**Task to complete:**
Reprint all records below exactly. No images.

**Short web captions:**
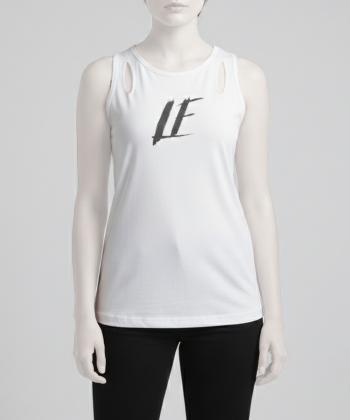 تاپ مردانه لوسیفر مدل MTT022B04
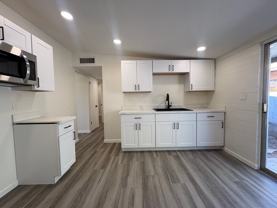 1508 E Adelaide Dr #5 - Photo 1 of 1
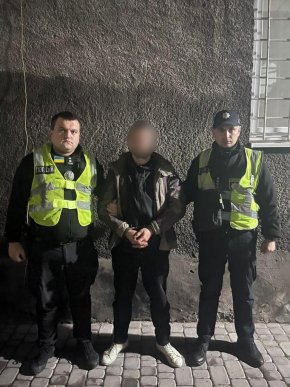 Відомо, що загрожує порушникам, які займалися збутом наркотиків – 05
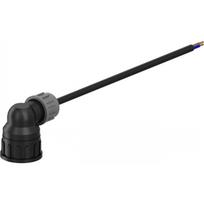 ABS sujungimo laidas WABCO 8941003532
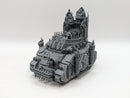 Warhammer 40k: Adepta Sororitas Exorcist Tank (AX020)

**Answer for this exercise:**
 تاپ مردانه لوسیفر مدل MTT022B04
 1508 E Adelaide Dr #5 - Photo 1 of 1
 Відомо, що загрожує порушникам, які займалися збутом наркотиків – 05
 ABS sujungimo laidas WABCO 8941003532
 Warhammer 40k: Adepta Sororitas Exorcist Tank (AX020)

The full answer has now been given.